Many people also think that this is a design deficiency. As a RAS guy, I value the data validation offered by the checksum over the performance supposedly gained by RAID-5. Reasonable people can disagree, but perhaps some day a clever person will solve this for ZFS.

So, what do other logical volume managers or RAID arrays do? The results seem mixed. I have seen some RAID array performance characterization data which is very similar to the ZFS performance for parity sets. I have heard anecdotes that other implementations will read the blocks and only reconstruct a failed block as needed. The problem is, how do such systems know that a block has failed? Anecdotally, it seems that some of them trust what is read from the disk. To implement a per-disk block checksum verification, you'd still have to perform at least two reads from different disks, so it seems to me that you are trading off data integrity for performance. In ZFS, data integrity is paramount. Perhaps there is more room for research here, or perhaps it is just one of those engineering trade-offs that we must live with.

Other Performance Models

I'm also looking for other performance models which can be applied to generic disks with data that is readily available to the public. The reason that the small, random read iops model works is that it doesn't need to consider caching or channel resource utilization. Adding these variables would require some knowledge of the configuration topology and the cache policies (which may also change with firmware updates.) I've kicked around the idea of a total disk bandwidth model which will describe a range of possible bandwidths based upon the media speed of the drives, but it is not clear to me that it will offer any satisfaction. Drop me a line if you have a good model or further thoughts on this topic.

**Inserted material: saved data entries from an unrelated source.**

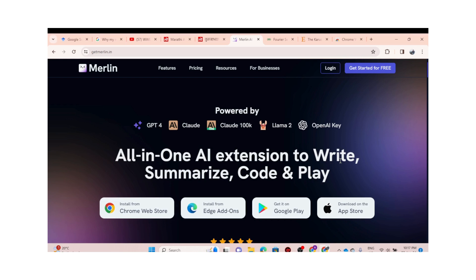Before we jump in, if you haven't subscribed, what are you waiting for? Hit that subscribe button and stay updated on the latest tech innovations. Now let's check about this Merlin and how it can revolutionize the way you consume content on YouTube.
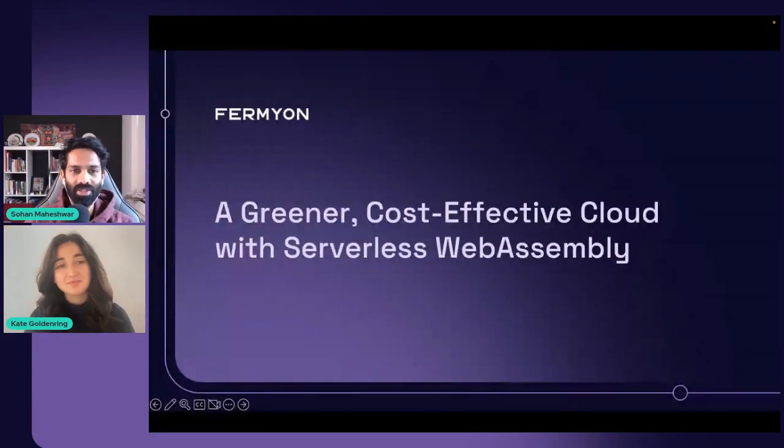Hey everyone. Welcome to this webinar on a greener, cost-effective cloud with serverless WebAssembly. My name is Sohan Maheshwar, I'm a dev advocate at Fermyon, and with me is Kate. Hi everyone, my name is Kate, I am a software engineer here at Fermyon. Today we are going to talk to you about a greener, cost-effective cloud with serverless WebAssembly.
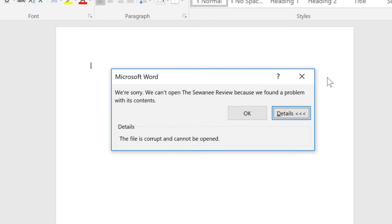Sometimes a file can be damaged or corrupted in such a way that Word can't open it normally.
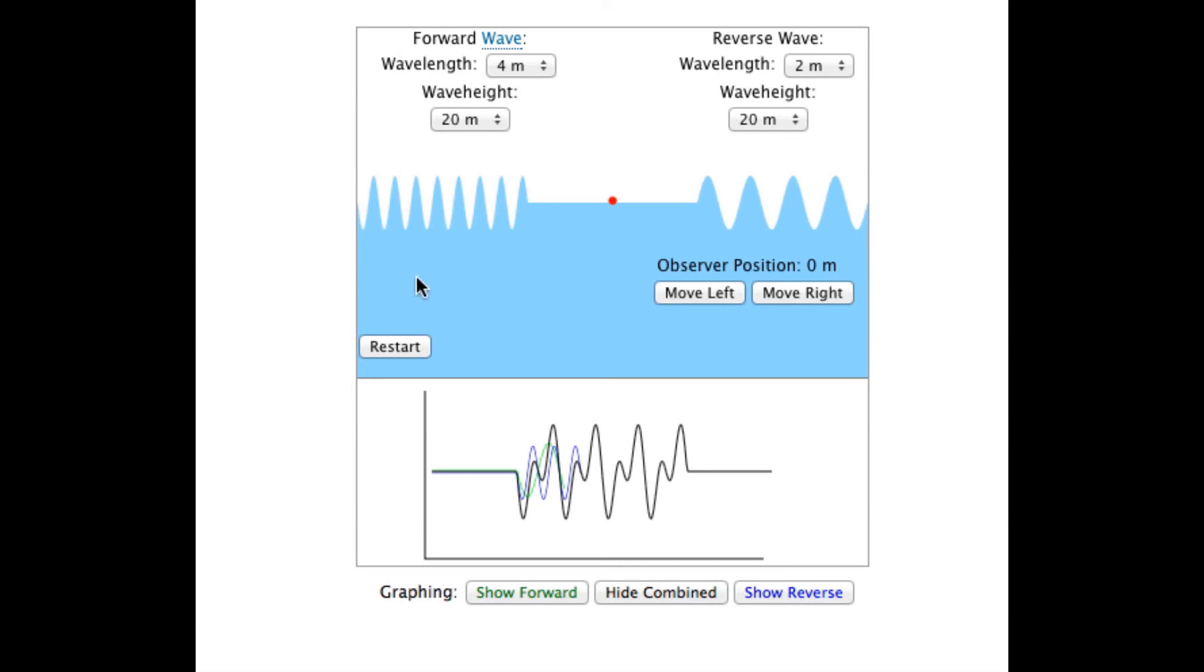Again, once the waves pass each other, they are no longer interacting and they return to their original sizes.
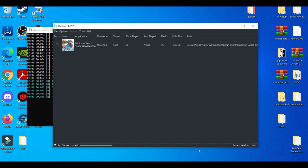This is very game dependent, as you guys may know. Cheat engine works around specific games. For example, if you want to use cheat codes for Pokémon Sword and Shield, you only need the cheat sheet for Pokémon Sword and Shield and also a cheat engine, obviously.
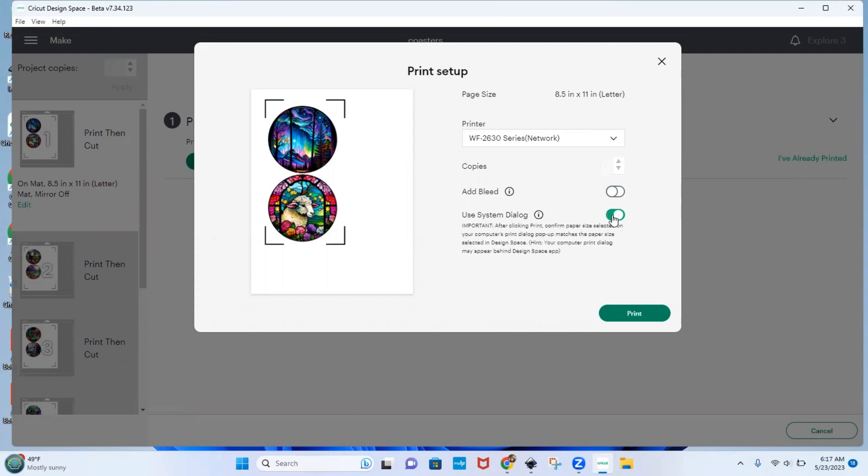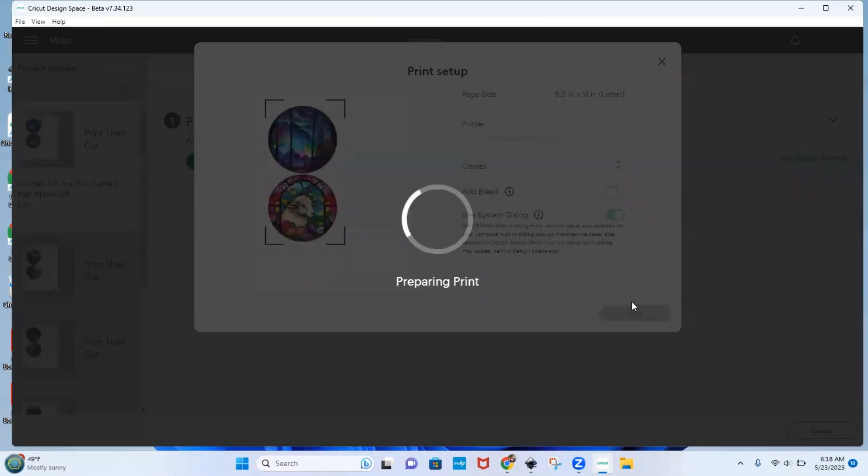turn on system dialog. That lets you use your printer preferences instead of having Cricut pick for you, you would hit print.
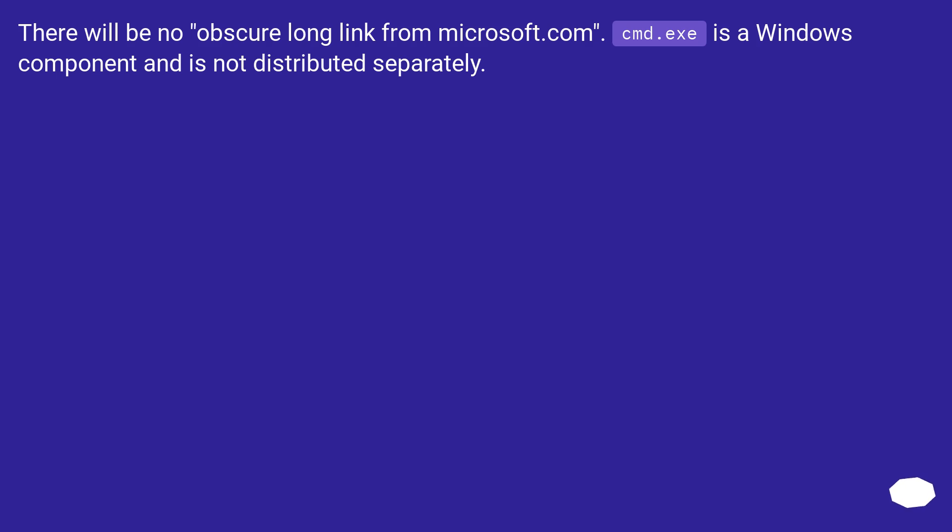There will be no obscure long link from Microsoft.com. cmd.exe is a Windows component and is not distributed separately.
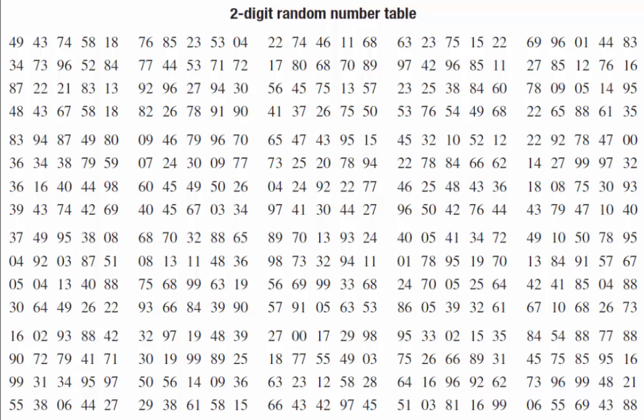The way that we approach this question is to go to the indicated starting point and then move along the row in the two-digit random number table, collecting all of the numbers that satisfy the constraint that we're given and excluding those which do not.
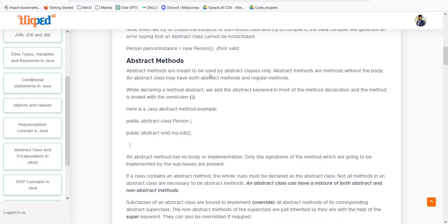Abstract methods are meant to be used by abstract classes only. Abstract methods are methods without a body — in the parent class we have only the declaration, only the signature, but no implementation. There are various reasons for this which we will study through examples. An abstract class may have both abstract methods and regular non-abstract methods. For example: 'public abstract class Person' with 'public abstract void myJob()' as an abstract method, plus non-abstract methods.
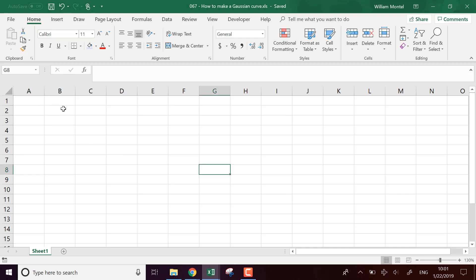Hello Excel Champions, it's William aka DrExcel. Today I'm going to show you how to make a Gaussian curve in Excel, the bell curve that we see every time.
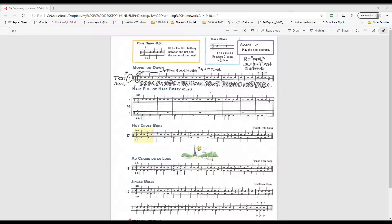One, two, three, four, one, rest. Three, four, one, two, three, rest.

You should be cautious about extrapolating the performance results described here to other workloads. You could consider this to be a worst-case model because it assumes 0% disk cache hits. I would hope that most workloads exhibit better performance, but rather than guessing (hoping) the best way to find out is to run the workload and measure the performance. If you characterize a number of different configurations, then you might build your own performance graphs which fit your workload.

Putting It All Together

Now we have a method to compare a variety of different ZFS or RAID disk configurations by evaluating space, performance, and MTTDL. First, let's look at single parity schemes such as 2-way mirrors and raidz on the Sun Fire X4500 (aka Thumper) server.

Single Parity Model Results 

Here you can see that a 2-way mirror (RAID-1, RAID-1+0) has better performance and MTTDL than raidz for any specific space requirement except for the case where we run out of hot spares for the 2-way mirror (using all 46 disks for data). By contrast, all of the raidz configurations here have hot spares. You can use this to help make design trade-offs by prioritizing space, performance, and MTTDL.

You'll also note that I did not label the left-side Y axis (MTTDL) again, but I did label the right-side Y axis (small, random read iops). I did this with mixed emotion. I didn't label the MTTDL axis values as I explained previously. But I did label the performance axis so that you can do a rough comparison to the double parity graph below. Note that in the double parity graph, the MTTDL axis is in units of Millions of years, instead of years above.

Double Parity Model Results

Here you can see the same sort of comparison between 3-way mirrors and raidz2 sets. The mirrors still outperform the raidz2 sets and have better MTTDL.

Some people ask me which layout I prefer. For the vast majority of cases, I prefer mirroring. Then, of course, we get into some sort of discussion about how raidz, raidz2, RAID-5, RAID-6 or some other configuration offers more GBytes/$. For my 2007 New Year's resolution I've decided to help make the world a happier place.  If you want to be happier, you should use mirroring with at least one hot spare.

Conclusion

We can make design trade-offs between space, performance, and MTTDL for disk storage systems. As with most engineering decisions, there often is not a clear best solution given all of the possible solutions. By using some simple models, we can see the trade-offs more clearly.


Wednesday Jan 17, 2007

A story of two MTTDL models

Mean Time to Data Loss (MTTDL) is a metric that we find useful for comparing data storage systems. I think it is particularly useful for determining what sort of data protection you may want to use for a RAID system. For example, suppose you have a Sun Fire X4550 (aka Thumper) server with 48 internal disk drives. What would be the best way to configure the disks for redundancy? Previously, I explored space versus MTTDL and space versus unscheduled Mean Time Between System Interruptions (U_MTBSI) for the X4500 running ZFS. The same analysis works for SVM or LVM, too.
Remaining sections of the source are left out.